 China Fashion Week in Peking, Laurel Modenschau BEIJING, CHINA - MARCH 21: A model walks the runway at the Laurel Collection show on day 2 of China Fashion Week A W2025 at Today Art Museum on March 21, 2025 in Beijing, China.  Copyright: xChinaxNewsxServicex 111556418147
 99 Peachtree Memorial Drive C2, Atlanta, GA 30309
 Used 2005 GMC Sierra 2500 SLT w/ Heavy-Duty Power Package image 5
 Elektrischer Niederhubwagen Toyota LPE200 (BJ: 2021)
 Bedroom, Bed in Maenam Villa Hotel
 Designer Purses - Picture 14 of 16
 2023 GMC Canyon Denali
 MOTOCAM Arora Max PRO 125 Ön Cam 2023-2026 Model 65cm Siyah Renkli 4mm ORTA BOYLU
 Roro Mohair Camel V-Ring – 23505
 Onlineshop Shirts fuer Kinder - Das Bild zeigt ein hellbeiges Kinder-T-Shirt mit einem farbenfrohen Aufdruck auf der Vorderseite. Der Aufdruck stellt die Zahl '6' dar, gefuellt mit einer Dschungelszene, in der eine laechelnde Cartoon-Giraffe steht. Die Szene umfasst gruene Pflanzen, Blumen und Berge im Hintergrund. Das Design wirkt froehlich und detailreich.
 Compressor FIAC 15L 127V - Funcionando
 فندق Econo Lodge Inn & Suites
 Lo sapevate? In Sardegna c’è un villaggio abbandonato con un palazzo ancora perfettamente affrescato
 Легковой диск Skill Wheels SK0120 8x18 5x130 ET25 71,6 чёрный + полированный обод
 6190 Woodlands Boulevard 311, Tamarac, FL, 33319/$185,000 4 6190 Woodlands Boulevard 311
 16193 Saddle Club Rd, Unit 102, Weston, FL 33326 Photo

---------------

• **DIRECTIONS FOR THIS TASK**: Transcribe exactly, and only, the lines from the one with "فندق Econo Lodge Inn & Suites" through the last line of the data.

• **RESPONSE TO THIS EXERCISE**:
 فندق Econo Lodge Inn & Suites
 Lo sapevate? In Sardegna c’è un villaggio abbandonato con un palazzo ancora perfettamente affrescato
 Легковой диск Skill Wheels SK0120 8x18 5x130 ET25 71,6 чёрный + полированный обод
 6190 Woodlands Boulevard 311, Tamarac, FL, 33319/$185,000 4 6190 Woodlands Boulevard 311
 16193 Saddle Club Rd, Unit 102, Weston, FL 33326 Photo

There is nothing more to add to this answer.